Working conditions at Amazon.com aren’t any better than they are at Walmart. The difference is you don’t see Amazon's employees.
Human Barbie Topless: Valeria Lukyanova Sparks Plastic Surgery Rumors After Posting Old, Racy Photo. BibMe Free Bibliography & Citation Maker - MLA, APA, Chicago, Harvard. Claire and Jamie were separated in the season 2 finale of Outlander Starz The two-hour finale of Outlander season 2 left viewers wanting for more. It ended with. On August 21st, millions of Earthlings will gather to watch as a total solar eclipse sweeps across the centerline of the United States over the course of 90 minutes.
But if you had a spacecraft on hand, you wouldn’t need to wait decades for the next total solar eclipse to arrive at a town near you—you could simply jet off to Mars, Jupiter, Saturn, or even Pluto. That’s because there’s a veritable zoo of solar eclipses occurring all across our solar system, all the time. To be fair, none of these extraterrestrial eclipses is quite like the total solar eclipse here on Earth, where a quirk of celestial geometry causes the Moon to stack perfectly over the Sun, leaving a fiery ring of coronal jets to illuminate the sky. Some satellites, like Mars’ moon Phobos, are too small to engulf the Sun from the perspective of an observer on the planet, resulting in what astronomers call a transit. In other cases, like that of Saturn’s moon Titan, the angular size of the satellite in the sky is far greater than that of the Sun, resulting in a solar occultation.
NASA astronaut and biochemist Peggy Whitson will return to Earth as the planet’s new record holder for longest time cumulatively spent on space by an American or a.

But that’s just the basics—eclipses, it turns out, come in all shapes and sizes, and studying them can tell us a lot about our cosmic neighborhood.
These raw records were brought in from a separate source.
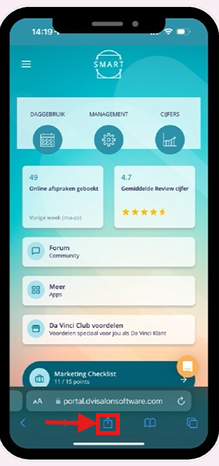 Op mobiel zetten Iphone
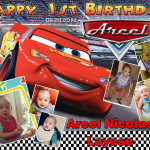 Arcel 1st Birthday (Cars)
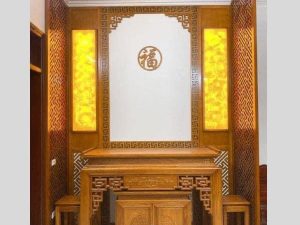 Ban Thờ Gõ Đỏ kích thước 175cm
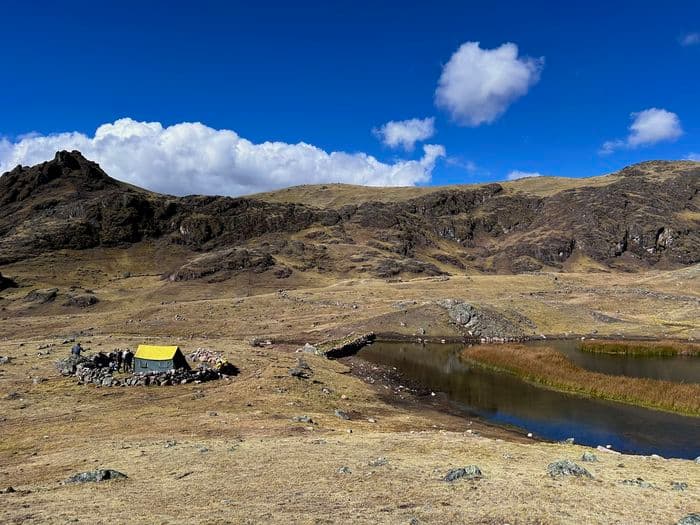 Lunch camp Trek Lares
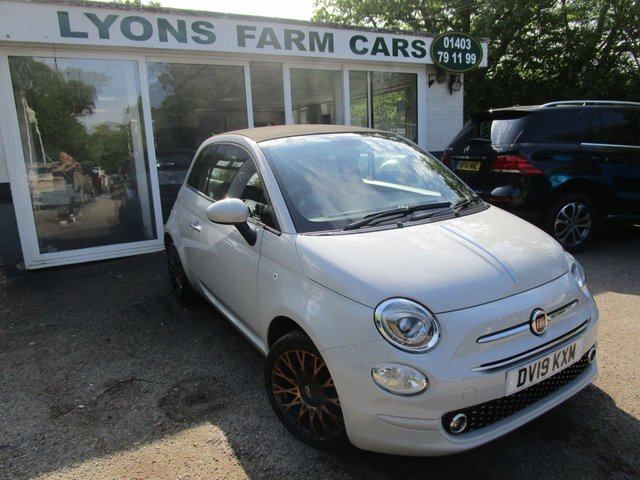 2019 19 Fiat 500c 1.2 120TH ANNIVERSARY CONVERTIBLE 2d 69 BHP *VERY RARE SPECIAL EDITION*
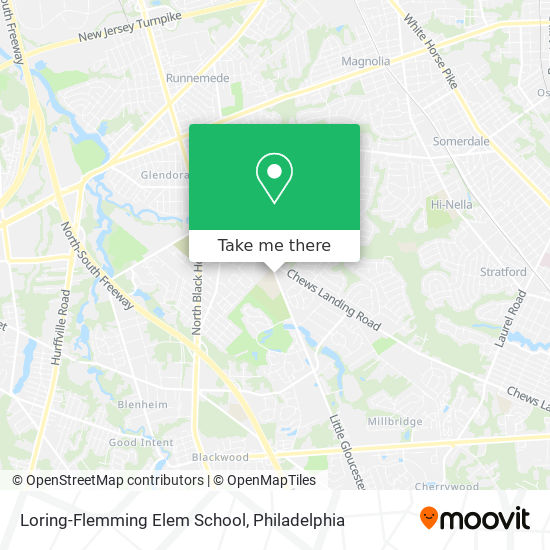 Loring-Flemming Elem School map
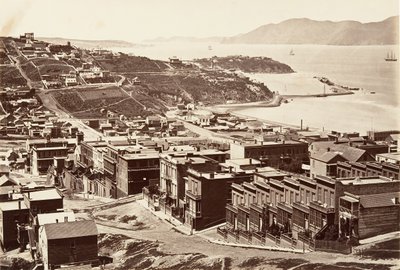 गोल्डन गेट, 1868-69, मुद्रित सीए। 1876. द्वारा कार्लटन एम्मन्स वॉटकिंस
Tiny transits at Mars.
For most other planets, we have to imagine what a solar eclipse would look like from the surface (or, in the case of a gas giant, the cloud- tops). But when it comes to Mars, we’ve actually seen quite a few. In 2. 00. 4, NASA’s Spirit and Opportunity rovers captured six solar transits events from the surface of Mars—four involving the potato- shaped moon Phobos, another two starring the even runtier satellite Deimos. They were, according to a paper published in Nature the following year, the first direct images of satellites transiting the Sun from the surface of another planet. Phobos eclipses had been observed indirectly even earlier, in data collected by NASA’s Viking lander and Soviet- led missions to Mars.)According to Mark Lemmon, an astronomer at Texas A& M University and co- investigator on the Spirit and Opportunity rovers, early solar eclipse observations helped NASA refine the positions of Mars’ moons in the sky. Despite observing Phobos and Deimos for 1.
Earth, they’re small and far away,” Lemmon told Gizmodo. Before NASA’s rovers landed, “the uncertainty about where Phobos would be at any given time was about as big as Phobos.” Once eclipse observations had improved the orbits of the two moons, the European Space Agency’s Mars Express Orbiter was able to point its camera accurately enough to capture high- res images of both, Lemmon said. Eclipse- watching on Mars has only gotten better, especially since NASA’s Curiosity rover landed in Gale Crater in August 2.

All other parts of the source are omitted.